With a watchful NASA spacecraft capturing its moves, the Sun sent off a “mid-level” solar flare on Tuesday (July 8) that you can watch (over and over again) in the video above. The Solar Dynamics Observatory caught the explosion around 12:20 p.m. EDT (4:20 p.m. UTC), which led into a coronal mass ejection that sent a surge of solar material into space.
Solar flares can be disruptive to Earth communications and also cause auroras in the atmosphere. In this case, the M6 solar flare created “short-lived impacts to high frequency radio communications on the sunlit side of Earth … as a result,” wrote the National Oceanic and Atmospheric Administration in a forecast July 8.
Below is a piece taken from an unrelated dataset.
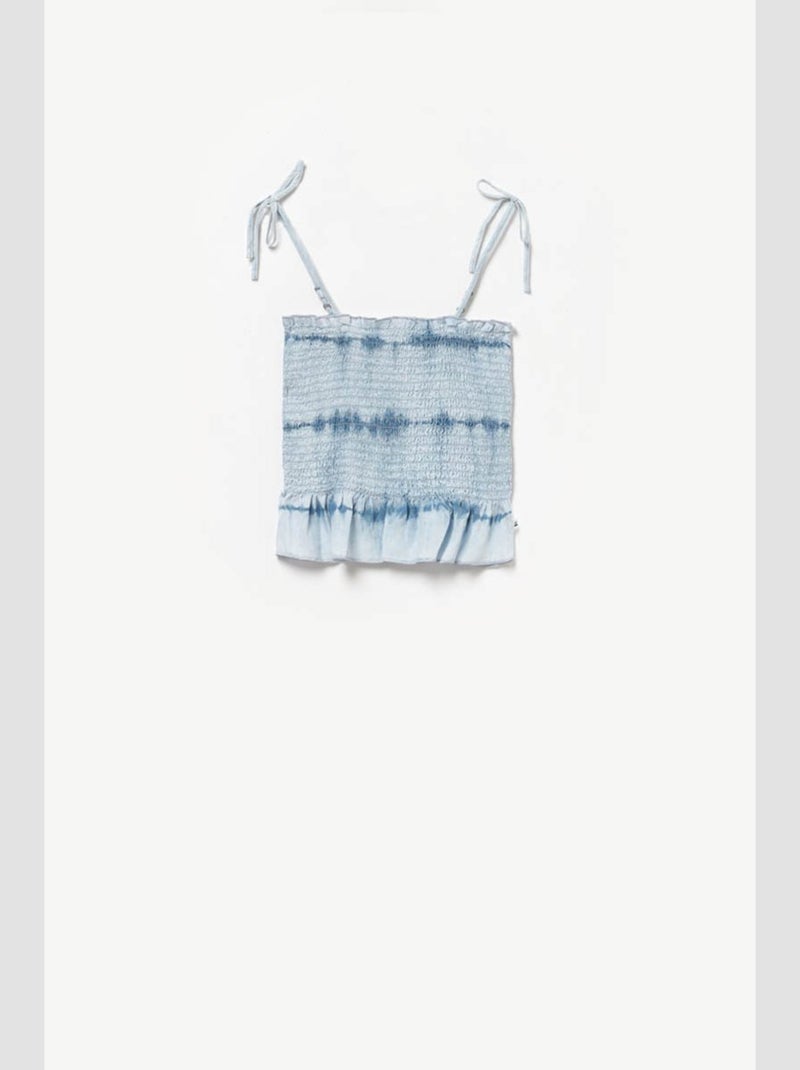 Top PAPASGI 'Le Temps Des Cerises' Bleu - Kiabi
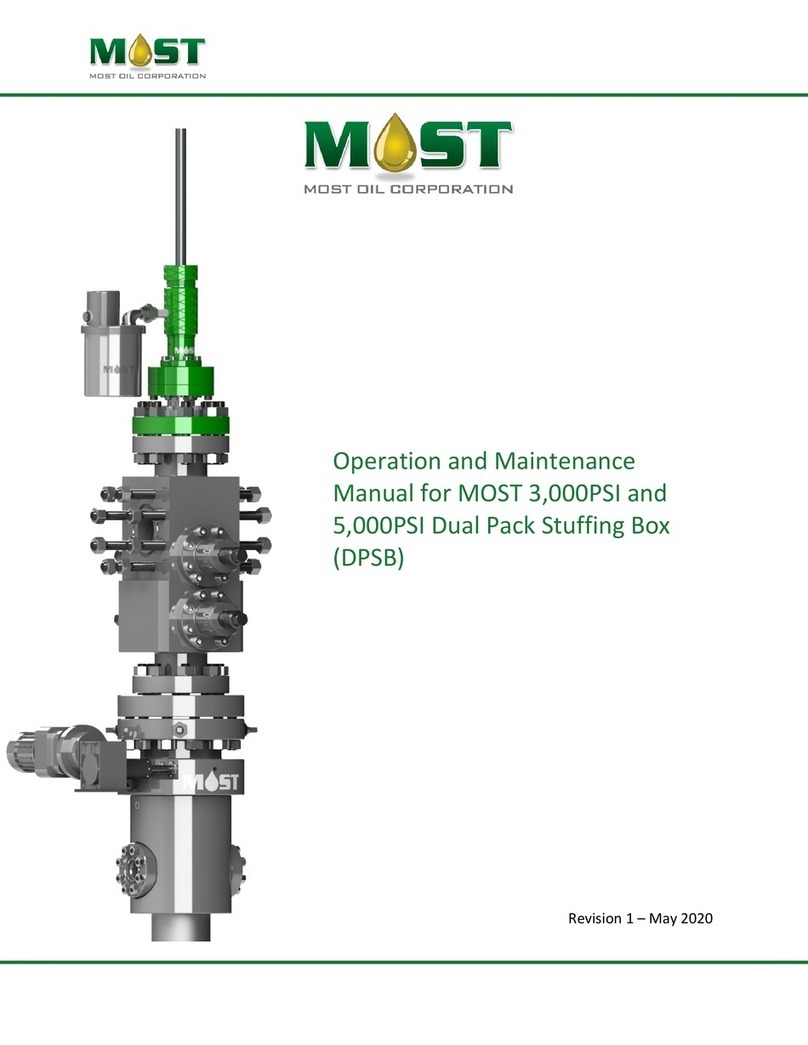 Most 3,000PSI Operation and maintenance manual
In this case, however, the coronal mass ejection (seen by the Solar Dynamics Observatory) is not expected to hit Earth. But with the Sun around its maximum of solar activity in the 11-year cycle, other eruptions could head into space in the coming days. M is considered a moderate flare and X the strongest kind.
“Solar activity is low, but the quiet is unlikely to persist,” wrote SpaceWeather.com in an update published today (July 10). “There are three sunspots with unstable magnetic fields capable of strong eruptions: AR2108, AR2109, AR2113. NOAA forecasters estimate a 75% chance of M-flares and 15% chance of X-flares on July 10th.”
This flare caused a surge in shortwave activity that you can hear in this audio file, recorded by New Mexico amateur astronomer Thomas Ashcraft. “Radio bursts such as these are sparked by shock waves moving through the sun’s atmosphere,” SpaceWeather added. “Set in motion by flares, these shock waves excite plasma instabilitties that emit static-y radio waves.”